[Start of Attachment]

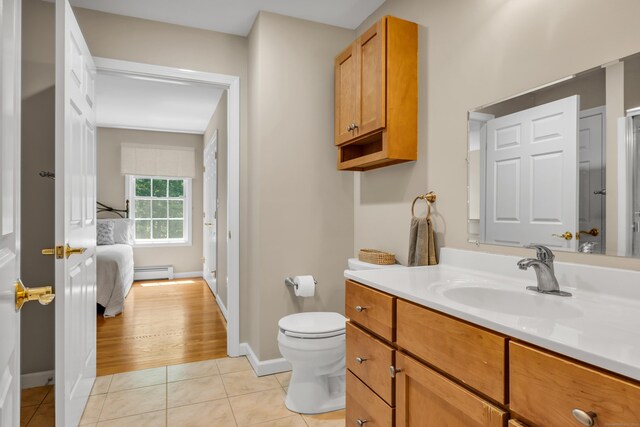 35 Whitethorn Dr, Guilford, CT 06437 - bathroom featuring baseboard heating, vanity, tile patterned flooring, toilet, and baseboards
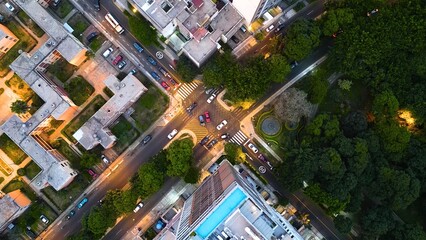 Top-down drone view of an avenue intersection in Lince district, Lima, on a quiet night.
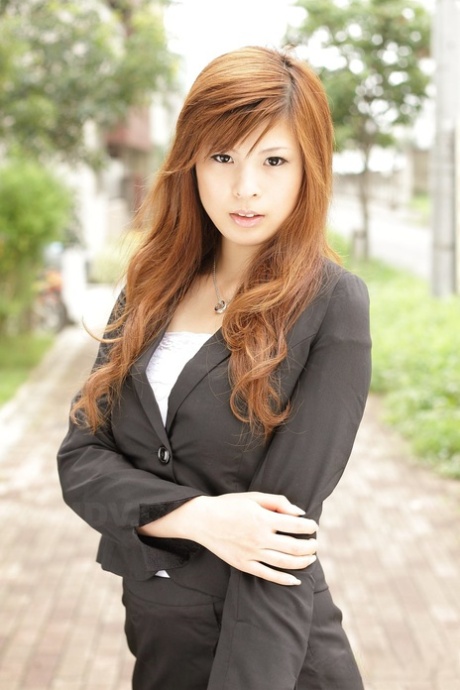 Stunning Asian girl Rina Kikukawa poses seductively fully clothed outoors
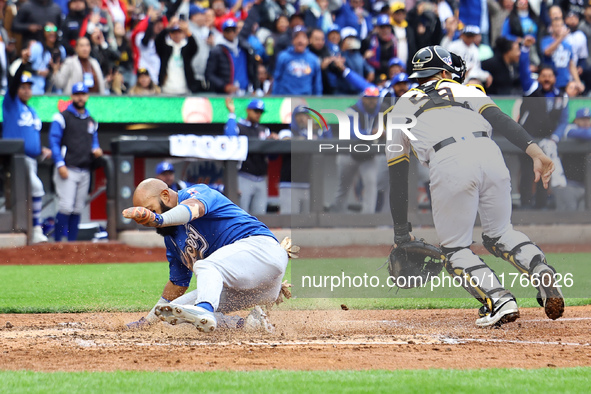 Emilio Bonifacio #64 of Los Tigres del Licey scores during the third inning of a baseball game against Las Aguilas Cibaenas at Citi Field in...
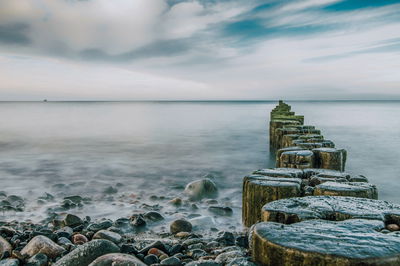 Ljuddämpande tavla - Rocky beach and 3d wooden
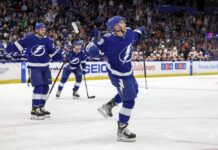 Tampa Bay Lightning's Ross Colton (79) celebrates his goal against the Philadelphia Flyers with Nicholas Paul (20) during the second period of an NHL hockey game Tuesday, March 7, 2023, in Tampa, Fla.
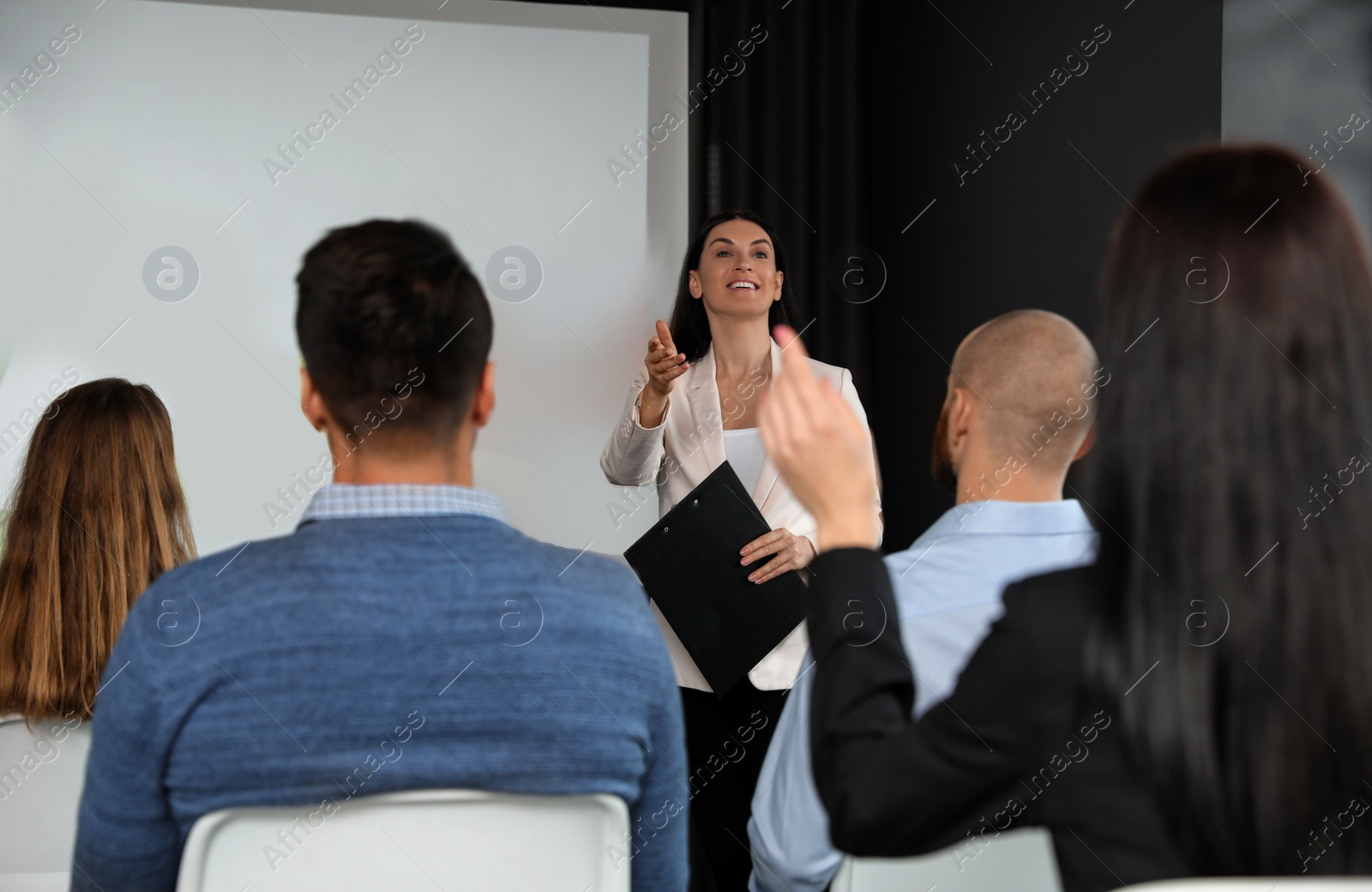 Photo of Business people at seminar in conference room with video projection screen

[End of Attachment]

Exercise: Starting with the line that holds "Tampa Bay Lightning's", return each line exactly through the final line of the entries above; pictures are not part of the output.

Task output:
 Tampa Bay Lightning's Ross Colton (79) celebrates his goal against the Philadelphia Flyers with Nicholas Paul (20) during the second period of an NHL hockey game Tuesday, March 7, 2023, in Tampa, Fla.
 Photo of Business people at seminar in conference room with video projection screen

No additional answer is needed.